▸ PROBLEM REQUIREMENTS:
Copy the listing verbatim, excluding any images found in it.

▸ COLLECTED MATERIAL:
:::

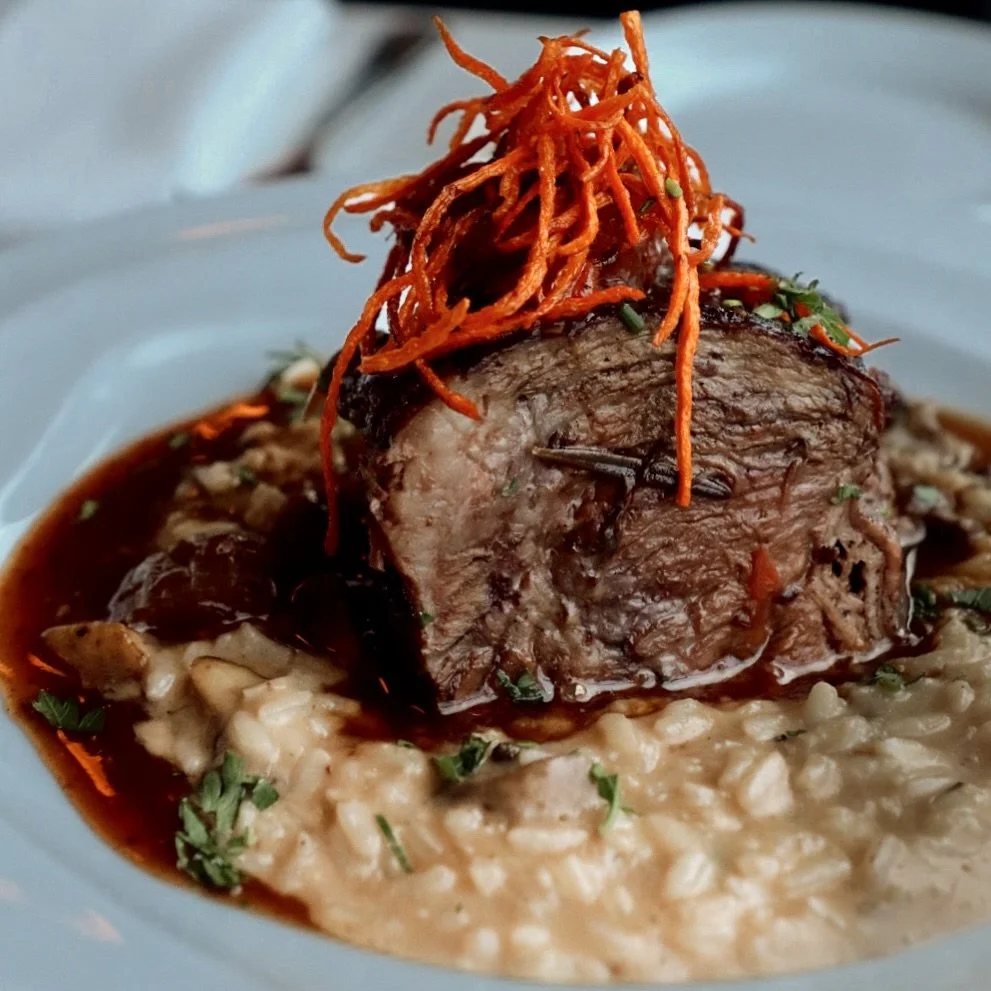 There is a reason that this is one of our best sellers on our new menu. Melt in your mouth braised short ribs in a mushroom risotto #oldvillageinnogunquit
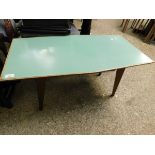 GREEN MELAMINE TOP RETRO COFFEE TABLE ON TAPERING LEGS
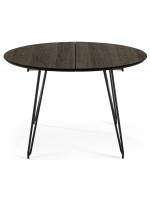 COVER extendable table diameter 120 reaches 200 cm with ash ash top and black metal legs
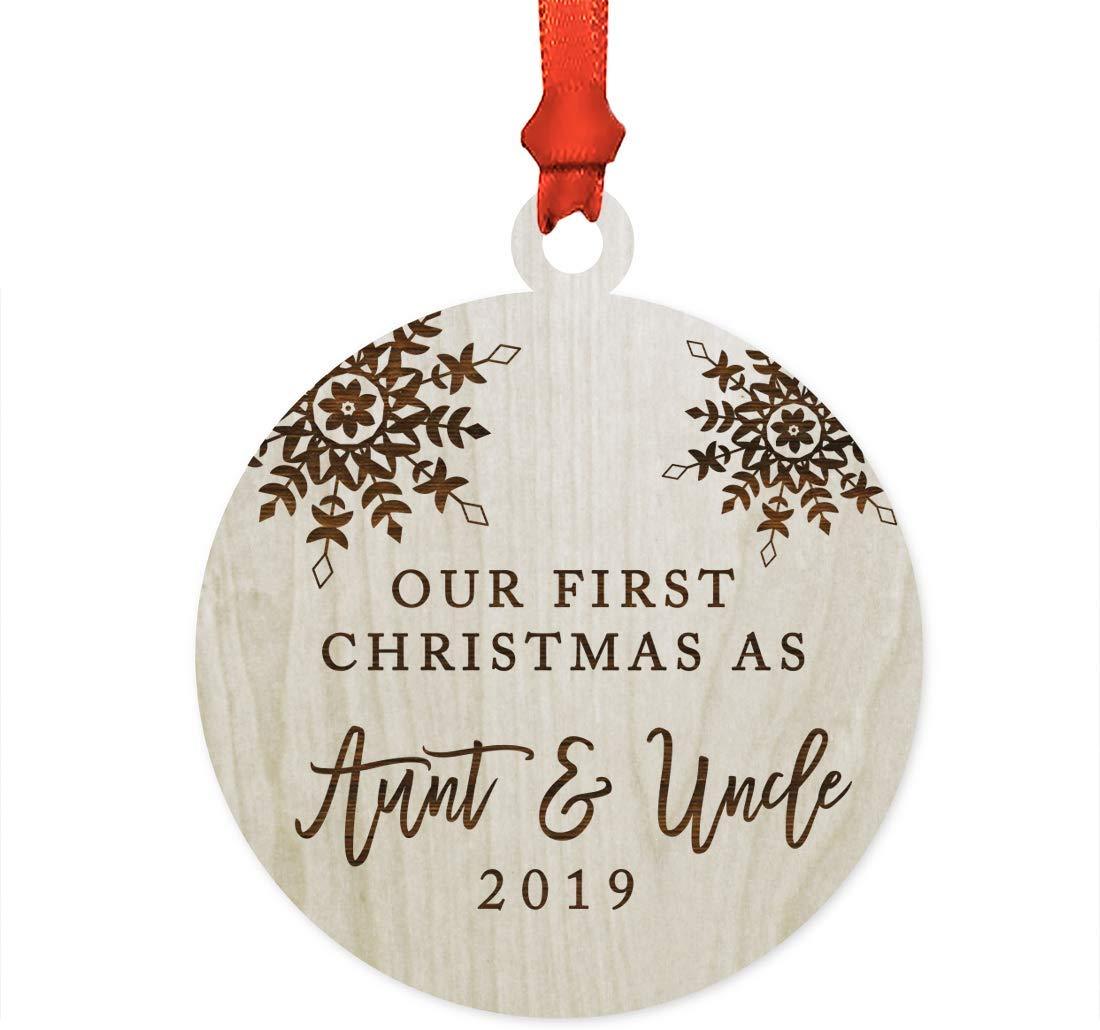 Laser Engraved Wood Christmas Ornament, Our First Christmas As Aunt and Uncle, Custom Year, Snowflakes-Set of 1-Andaz Press-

:::

▸ RESULT OF THIS EXERCISE:
 There is a reason that this is one of our best sellers on our new menu. Melt in your mouth braised short ribs in a mushroom risotto #oldvillageinnogunquit
 GREEN MELAMINE TOP RETRO COFFEE TABLE ON TAPERING LEGS
 COVER extendable table diameter 120 reaches 200 cm with ash ash top and black metal legs
 Laser Engraved Wood Christmas Ornament, Our First Christmas As Aunt and Uncle, Custom Year, Snowflakes-Set of 1-Andaz Press-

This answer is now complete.